Why Anna Hazare does not impress me
The intent of Anna Hazare’s mission confuses me. Is it to end corruption or to insert his own bill in the Indian government system, or both?

Intent
The intent of Anna Hazare’s mission confuses me. Is it to end corruption or to insert his own bill in the Indian government system, or both?
Is this ‘intent’ really worth the brouhaha? Ending corruption is like ending prostitution. Noble in intent but impossible in execution. I’m not ‘for’ corruption. I’m questioning if a struggling, underdeveloped country like ours needs to focus more on eradicating poverty and illiteracy, rather than struggling to cure a disease called corruption; which sometimes hurts but does not kill?
Method
I don’t appreciate mass agitation; let’s hold the government and country to ransom method. Isn’t this movement wrongly educating Indian ‘influencers’ that they can paralyse everyday life in the interest of their cause?

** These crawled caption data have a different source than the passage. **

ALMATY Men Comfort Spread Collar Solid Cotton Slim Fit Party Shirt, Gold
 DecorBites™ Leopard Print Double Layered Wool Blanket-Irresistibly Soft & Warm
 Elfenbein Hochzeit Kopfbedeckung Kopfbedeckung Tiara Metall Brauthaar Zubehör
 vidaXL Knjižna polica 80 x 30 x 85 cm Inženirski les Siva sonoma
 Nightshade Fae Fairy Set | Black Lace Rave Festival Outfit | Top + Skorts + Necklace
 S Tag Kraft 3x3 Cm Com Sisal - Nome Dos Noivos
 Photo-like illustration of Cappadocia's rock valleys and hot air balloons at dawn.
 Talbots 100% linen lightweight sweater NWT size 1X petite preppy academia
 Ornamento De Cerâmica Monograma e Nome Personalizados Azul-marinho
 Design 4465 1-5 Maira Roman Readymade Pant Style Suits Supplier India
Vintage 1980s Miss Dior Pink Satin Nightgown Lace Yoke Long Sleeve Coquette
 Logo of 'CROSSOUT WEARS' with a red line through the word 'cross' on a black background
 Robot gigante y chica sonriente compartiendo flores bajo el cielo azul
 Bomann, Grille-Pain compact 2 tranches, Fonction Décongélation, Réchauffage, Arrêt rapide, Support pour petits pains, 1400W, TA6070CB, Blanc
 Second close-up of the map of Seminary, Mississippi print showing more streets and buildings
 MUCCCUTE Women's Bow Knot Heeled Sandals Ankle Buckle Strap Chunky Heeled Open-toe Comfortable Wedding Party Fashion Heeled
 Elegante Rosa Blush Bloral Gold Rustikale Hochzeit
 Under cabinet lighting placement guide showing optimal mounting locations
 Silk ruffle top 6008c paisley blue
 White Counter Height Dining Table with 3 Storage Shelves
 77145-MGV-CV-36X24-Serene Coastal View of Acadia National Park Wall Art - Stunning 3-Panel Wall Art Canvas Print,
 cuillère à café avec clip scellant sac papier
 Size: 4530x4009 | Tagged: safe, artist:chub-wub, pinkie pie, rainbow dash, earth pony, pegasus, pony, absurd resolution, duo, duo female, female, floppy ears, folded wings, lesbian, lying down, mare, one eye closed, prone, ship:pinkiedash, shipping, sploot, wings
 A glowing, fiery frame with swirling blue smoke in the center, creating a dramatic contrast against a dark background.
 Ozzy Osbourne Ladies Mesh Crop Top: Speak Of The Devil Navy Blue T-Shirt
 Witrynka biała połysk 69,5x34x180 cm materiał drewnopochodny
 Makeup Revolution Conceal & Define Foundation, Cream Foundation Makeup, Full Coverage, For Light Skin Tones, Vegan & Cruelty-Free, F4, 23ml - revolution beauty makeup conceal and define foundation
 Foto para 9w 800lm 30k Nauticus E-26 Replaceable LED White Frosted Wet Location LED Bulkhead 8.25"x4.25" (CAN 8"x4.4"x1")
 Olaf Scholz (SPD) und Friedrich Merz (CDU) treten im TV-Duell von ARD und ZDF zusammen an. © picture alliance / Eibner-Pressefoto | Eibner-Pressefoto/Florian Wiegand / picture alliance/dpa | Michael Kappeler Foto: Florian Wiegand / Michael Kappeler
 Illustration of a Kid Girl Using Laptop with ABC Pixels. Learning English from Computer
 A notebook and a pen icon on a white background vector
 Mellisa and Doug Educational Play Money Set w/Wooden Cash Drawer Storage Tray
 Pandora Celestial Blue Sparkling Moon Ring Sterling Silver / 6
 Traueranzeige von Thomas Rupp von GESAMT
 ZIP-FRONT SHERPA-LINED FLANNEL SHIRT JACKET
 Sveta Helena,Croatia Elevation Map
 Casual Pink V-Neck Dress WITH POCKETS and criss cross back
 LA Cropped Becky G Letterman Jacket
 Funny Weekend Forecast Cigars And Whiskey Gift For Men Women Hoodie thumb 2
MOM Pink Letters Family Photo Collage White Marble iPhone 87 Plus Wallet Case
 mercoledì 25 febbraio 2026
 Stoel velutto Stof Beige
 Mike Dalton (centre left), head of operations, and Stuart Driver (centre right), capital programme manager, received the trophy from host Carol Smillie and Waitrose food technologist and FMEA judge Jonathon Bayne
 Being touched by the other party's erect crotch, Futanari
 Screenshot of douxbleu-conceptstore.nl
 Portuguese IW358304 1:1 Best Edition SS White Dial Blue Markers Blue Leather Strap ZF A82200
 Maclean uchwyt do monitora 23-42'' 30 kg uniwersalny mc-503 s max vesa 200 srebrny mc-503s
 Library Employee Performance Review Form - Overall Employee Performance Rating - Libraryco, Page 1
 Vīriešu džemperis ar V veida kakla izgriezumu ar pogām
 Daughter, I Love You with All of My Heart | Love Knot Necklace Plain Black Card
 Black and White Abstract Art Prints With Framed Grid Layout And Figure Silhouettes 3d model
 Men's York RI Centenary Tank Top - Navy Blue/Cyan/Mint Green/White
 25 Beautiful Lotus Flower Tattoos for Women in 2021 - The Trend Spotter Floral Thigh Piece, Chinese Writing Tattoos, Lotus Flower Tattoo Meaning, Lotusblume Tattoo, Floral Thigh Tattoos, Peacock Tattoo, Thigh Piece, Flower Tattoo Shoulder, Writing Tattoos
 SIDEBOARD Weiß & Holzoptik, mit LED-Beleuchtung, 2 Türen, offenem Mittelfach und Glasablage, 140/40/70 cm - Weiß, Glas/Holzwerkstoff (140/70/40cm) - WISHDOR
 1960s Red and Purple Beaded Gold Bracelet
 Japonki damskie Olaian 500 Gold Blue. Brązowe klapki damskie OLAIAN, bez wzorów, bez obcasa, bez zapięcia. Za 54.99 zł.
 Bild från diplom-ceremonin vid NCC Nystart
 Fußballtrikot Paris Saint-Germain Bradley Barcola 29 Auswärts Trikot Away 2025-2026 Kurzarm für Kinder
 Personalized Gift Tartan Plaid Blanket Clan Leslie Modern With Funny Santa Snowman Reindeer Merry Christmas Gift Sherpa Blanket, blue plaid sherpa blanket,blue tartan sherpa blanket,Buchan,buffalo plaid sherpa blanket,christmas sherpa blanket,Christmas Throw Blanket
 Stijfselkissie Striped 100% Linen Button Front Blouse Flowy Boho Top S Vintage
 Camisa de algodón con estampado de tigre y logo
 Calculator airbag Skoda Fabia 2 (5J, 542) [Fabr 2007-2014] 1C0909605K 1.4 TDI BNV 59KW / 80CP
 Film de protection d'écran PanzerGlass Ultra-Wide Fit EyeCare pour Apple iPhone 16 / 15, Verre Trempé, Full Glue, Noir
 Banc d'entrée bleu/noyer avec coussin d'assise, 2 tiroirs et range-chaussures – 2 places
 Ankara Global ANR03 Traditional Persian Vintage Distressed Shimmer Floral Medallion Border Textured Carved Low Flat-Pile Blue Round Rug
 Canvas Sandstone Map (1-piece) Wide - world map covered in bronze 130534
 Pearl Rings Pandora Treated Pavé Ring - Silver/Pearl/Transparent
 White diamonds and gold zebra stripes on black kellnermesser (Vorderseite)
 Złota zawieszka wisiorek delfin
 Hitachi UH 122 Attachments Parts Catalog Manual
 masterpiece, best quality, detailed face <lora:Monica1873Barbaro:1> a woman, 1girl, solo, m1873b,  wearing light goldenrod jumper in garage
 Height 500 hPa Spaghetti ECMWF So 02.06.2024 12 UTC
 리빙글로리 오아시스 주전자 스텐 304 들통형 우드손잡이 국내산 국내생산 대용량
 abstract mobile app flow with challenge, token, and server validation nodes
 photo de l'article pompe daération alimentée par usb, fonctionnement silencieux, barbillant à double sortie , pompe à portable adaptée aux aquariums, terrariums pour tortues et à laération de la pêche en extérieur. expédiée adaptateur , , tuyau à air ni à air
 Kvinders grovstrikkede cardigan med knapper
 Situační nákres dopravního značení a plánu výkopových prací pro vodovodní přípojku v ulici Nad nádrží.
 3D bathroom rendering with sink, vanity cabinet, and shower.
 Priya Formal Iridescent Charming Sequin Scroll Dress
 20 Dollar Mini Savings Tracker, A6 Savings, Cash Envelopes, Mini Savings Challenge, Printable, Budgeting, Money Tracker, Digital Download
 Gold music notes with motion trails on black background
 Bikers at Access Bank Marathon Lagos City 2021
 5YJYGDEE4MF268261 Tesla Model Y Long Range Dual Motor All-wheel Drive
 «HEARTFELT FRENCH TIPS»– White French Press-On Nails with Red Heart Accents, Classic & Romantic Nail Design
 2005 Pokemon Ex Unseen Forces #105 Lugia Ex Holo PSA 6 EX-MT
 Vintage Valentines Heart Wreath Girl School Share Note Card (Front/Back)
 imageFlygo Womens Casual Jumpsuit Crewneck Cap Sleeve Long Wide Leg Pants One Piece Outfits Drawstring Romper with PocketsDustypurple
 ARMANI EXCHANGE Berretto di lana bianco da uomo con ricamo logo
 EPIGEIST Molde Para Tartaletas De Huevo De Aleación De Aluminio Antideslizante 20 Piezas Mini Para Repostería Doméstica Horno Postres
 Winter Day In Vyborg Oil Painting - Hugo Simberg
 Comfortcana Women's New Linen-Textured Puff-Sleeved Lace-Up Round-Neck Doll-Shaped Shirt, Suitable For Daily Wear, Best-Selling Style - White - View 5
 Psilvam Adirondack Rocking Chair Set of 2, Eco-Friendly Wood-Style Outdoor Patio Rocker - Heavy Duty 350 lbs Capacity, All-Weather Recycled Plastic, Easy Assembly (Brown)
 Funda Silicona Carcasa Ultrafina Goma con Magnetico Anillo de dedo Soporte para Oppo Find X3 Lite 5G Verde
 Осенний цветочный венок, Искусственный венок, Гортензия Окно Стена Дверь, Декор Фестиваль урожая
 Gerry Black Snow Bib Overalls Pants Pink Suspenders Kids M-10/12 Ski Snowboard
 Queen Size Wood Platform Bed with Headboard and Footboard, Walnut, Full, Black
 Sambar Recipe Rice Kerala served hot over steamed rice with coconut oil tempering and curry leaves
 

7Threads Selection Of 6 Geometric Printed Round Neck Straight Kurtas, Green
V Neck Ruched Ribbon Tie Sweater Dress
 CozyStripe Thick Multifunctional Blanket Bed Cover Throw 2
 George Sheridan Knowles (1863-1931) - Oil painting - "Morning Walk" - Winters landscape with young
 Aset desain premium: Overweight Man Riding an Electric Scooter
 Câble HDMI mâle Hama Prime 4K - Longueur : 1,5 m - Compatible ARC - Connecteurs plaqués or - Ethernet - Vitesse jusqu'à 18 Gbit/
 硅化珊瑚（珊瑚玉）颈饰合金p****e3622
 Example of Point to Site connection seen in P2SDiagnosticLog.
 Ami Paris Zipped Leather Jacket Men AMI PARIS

Also, shouldn’t the approach be to solve one tangible issue at one time? Say, if it’s corruption at the Octroi Naka in Mumbai, then let everyone get together and just eradicate than one problem. If that is successfully resolved than we leap to the next problem.
Promise
What will Indian citizens like me really get at the end of this? Another bagful of promises from the government? Or a real tangible end result? Unicef promises to erase polio from India and they are systematically doing so year after year (less than 10 cases reported in India this year). Promise me something realistic and make that happen. Then I will buy from you next time also.
End Goal
Every movement, every business, every mission has an end goal. In Anna Hazare’s case, what I see is a loosely hanging, ‘in-the-air’ movement. It seems to drift, gather steam and then dissipate again. What exactly is the end goal? Is it just to get some Bill into the Indian government’s system? That’s it? What after that?
Scalable
Sociality
Honestly, the more I look at the current Anna Hazare movement, the more it looks like a ‘social’ rock concert. Indians celebrating rebellion more than the cause for which they assembled. I bet that less than 10% of the youngsters rallying don’t even know what the Lok Pal Bill is — leave alone what’s inside it. Also, given that this event takes law and order in its own hands, is this mission what we want young Indians to emulate? Is this the place where our young sons and daughters should gain their first ‘social’ experience?
Anna Hazare has to realise that what he did 50 years ago is passé. He should be motivating Indians to attack real social matters with their brains and not with their slogans and stomachs.